Blogs, Operations, Returns Strategy
Keep Your Friends Close, Keep Your Serial Returners Closer
There’s been a lot of talk in the media recently about serial returners and the ‘damaging’ effect they’re having on retailers margins. Whilst L.L Bean merely shortened their lifetime returns window to a 365 day policy (and got a fair amount of bad press for doing so), Amazon and Sephora took a harsher approach by opting to penalise shoppers who make ‘too many returns’ by banning them from making future purchases. Strangely though, there seems to be much greater support of Amazon’s harsher crack-down with many retailers saying they’d like to follow suit.
A recent study by Brightpearl, ‘Banned? A Returning Problem’, not only uncovered that 55% of UK fashion and clothing retailers would consider ‘banning serial returners’, but that shoppers also say they support the decision!
56% of shoppers surveyed stated that they believed Amazon’s intention to place lifetime bans on serial returners is fair. However, Amazon has not actually defined what constitutes a chronic returner in writing, so i’m sure these shoppers would change their tune if they were wrongly accused of exploiting a return policy simply by exhibiting normal online returns behaviour.

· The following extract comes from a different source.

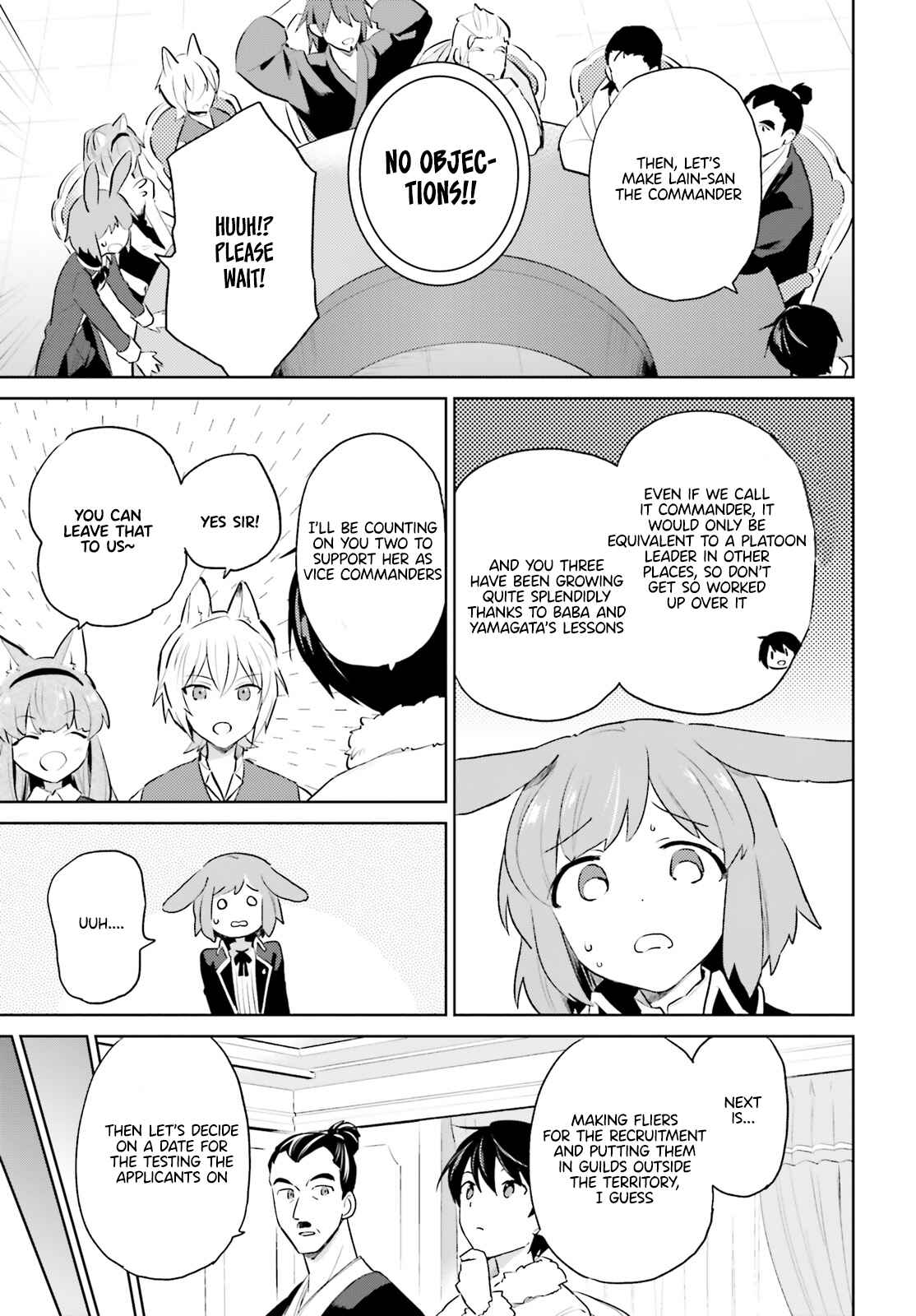 Isekai wa Smartphone to Tomo ni Chapter 58 - Page 5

The retailers who choose to follow Amazon’s example tread a dangerous line. They don’t have the same data tools like Amazon do (and even giants like Amazon can get it wrong). In fact, the Brightpearl study also uncovered that despite being keen to crack-down on unruly returns behaviour, a staggering 44% of retailers admit they don’t even have adequate technology at their fingertips to identify a serial returner. So is it all just talk, or are retailers running the risk of going down this dangerous path?

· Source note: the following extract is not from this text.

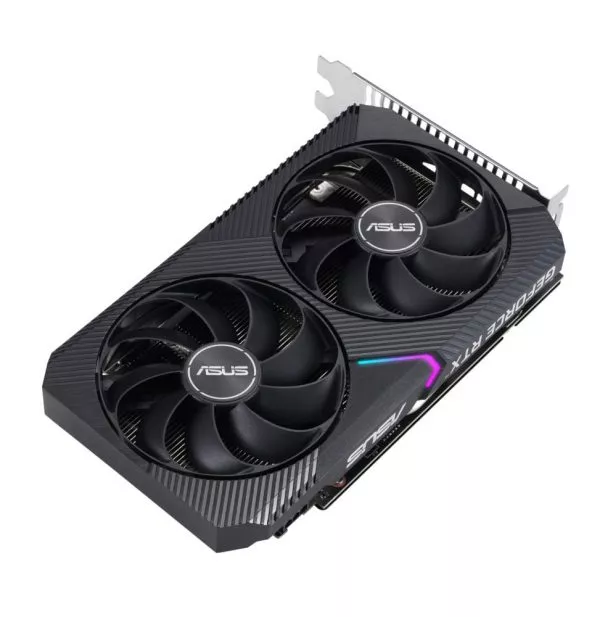 Carte graphique Asus Dual GeForce RTX 3050 OC 8G V2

Serial Returners may actually your best customers
Retailers often fall into the trap of categorising all serial returners the same. Loss making, bad customers who return everything they buy. It’s a common mistake, but we’re here to dispel the myth, the majority of your serial returners are not bad customers.
We spoke to our Director of Data Innovation, Vicky Brock, whose experience in the retail and returns space, which includes founding Clear Returns, has led her to be able to accurately calculate the impact of serial returners for retailers. In her presentation at The Returns Revolution Conference, we learned that approximately 12 – 20% of customers generate 80% of your refunds. The downside here is that this percentage contains both your best and your worst customers. Retailers need to take a close look at their returns data to be able to distinguish between their different returner personas. This will allow them to take a well informed approach to their shoppers, and truly spot those abusing the system.
Vicky disagrees with the 55% of retailers who’d consider banning serial returners “this sweeping, harsh approach is incredibly short-sighted. It is a knee-jerk reaction which goes against the fundamentals of customer convenience, the very philosophy which retail is built on. Placing a ban on shoppers for repeatedly returning items overlooks the individual customer’s lifetime value and reveals that the retailer actually doesn’t understand their shoppers return behaviour well enough. Additionally, it is important to remember customers are simply responding to conditions that the retailer themself has put in place – free shipping, endless in-session upsells and multibuy offers encourages consumers to buy first and chose later. It is hardly surprising that returns increase as a result.”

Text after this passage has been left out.